Switching and/or routing multicast groups takes a significant time (100ms to seconds). Making this happen fast enough for channel-hopping viewers is a major challenge in the design of IP-TV networks, even those accustomed to the delay on a MPEG-2 based digital TV network. There are other factors that also can slow this process down, such as the time for the video decoder to buffer data, and if conditional access (CA) is being used, the time for the first control word to be generated.

There are three common topologies to access broadband access networks: DSL, cable modem or fibre/Ethernet to the home.

DSL is well-suited to deliver TV services, particularly VOD. It's sometimes easy to forget in this Internet-dominated age that DSL was originally designed to deliver VOD, so this should be no surprise! DSL works well for VOD services as all the bandwidth on the wire is dedicated to one subscriber, although this bandwidth is quite limited and can usually only support one MPEG-2 SD service (normally around 1Mb/s to 2Mb/s).

Cable modems, on the other hand, were not designed to carry TV services, but rather as modems for PC access to the Internet. As the world moves to delivering TV over IP, their architecture will need to change. Manufacturers already are starting to think about how this might happen. The problem with cable modems in their current architecture, e.g. Data Over Cable Service Interface Specification (DOCSIS), is that the downstream capacity of 27Mb/s is shared between all the subscribers on the cable segment, which is usually at least 500, and only 10 or so MPEG-2 video steams can be supported on one DOCSIS downstream.

The obvious evolution of the standard is to allow many downstream channels on one segment and support for cable modem-based hosts to be switched between downstream channels. This capability would need to be integrated with the IP multicast protocols, supporting IGMP requirements from consumer devices. In the meantime, most cable VOD deployments use IP over the cable return channel for delivery of RTSP messages to the server. The video is sent from the server to the modulators over an IP network, and then it is sent down the cable network (typically HFC) using the local video standard (for example, DVB-C or OpenCable).

Figure 2. Fibre to the home network topology. Click here to see an enlarged diagram.

Fibre or cable to the home provides a dedicated link to each subscriber, so it is also well-suited for IPTV delivery. The links typically have more bandwidth than DSL, ranging from 10 to hundreds of Megabits per second. This obviously makes it easier to support multiple STBs in a house.

Figure 2 shows a general architecture of a fibre to the home network. A DSL network would have the access network rings replaced with DSL access modules (DSLAMs) at the telco central offices. A three-tier network architecture is shown here. The access network runs at the neighborhood level. The distribution network transports the traffic within a city, and the core network connects cities.

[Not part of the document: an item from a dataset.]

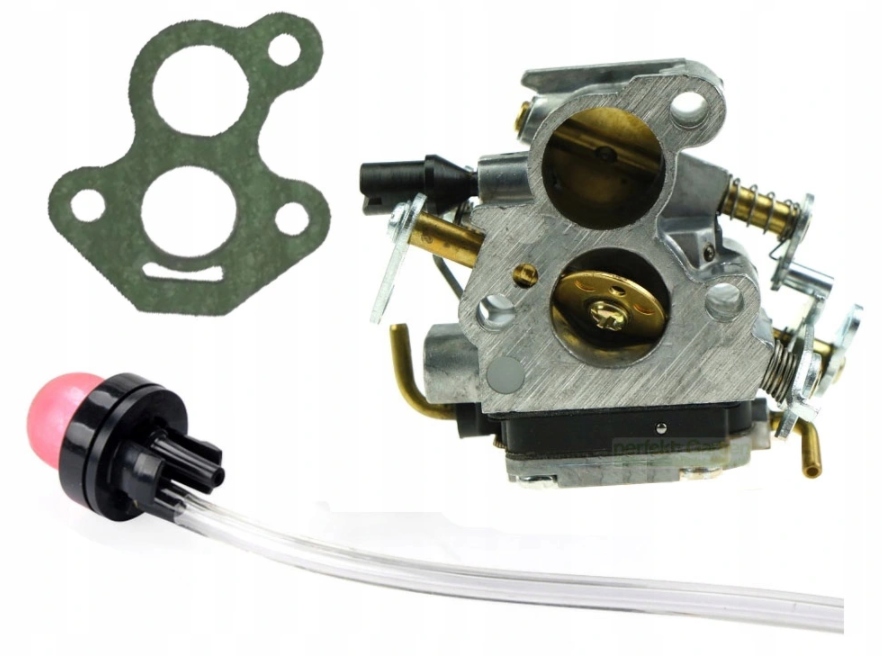 Karburátor - Karburátor pre Husqvarna 235, 235E, 236, 236E, 240, 240E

Many current deployments are quite small, and this architecture may be collapsed, or at least have elements co-located. VOD is typically injected at the distribution layer to save bandwidth on the core links, but the IP streaming is usually injected from a single headend. This means than most, if not all, of the multicast groups are present on all the core links all of the time; there is usually at least one viewer for any TV channel somewhere in a city!

Video coding standards

When links or devices fail in an IP network, the remaining devices will search for a new path. If it is a switch, it will use the spanning tree algorithm to find a new link to the target device. If it is a router, it will use a routing algorithm — typically open shortest path first (OSPF) — to discover a new route. It is possible for networks to “converge” on a new path in seconds, with good design.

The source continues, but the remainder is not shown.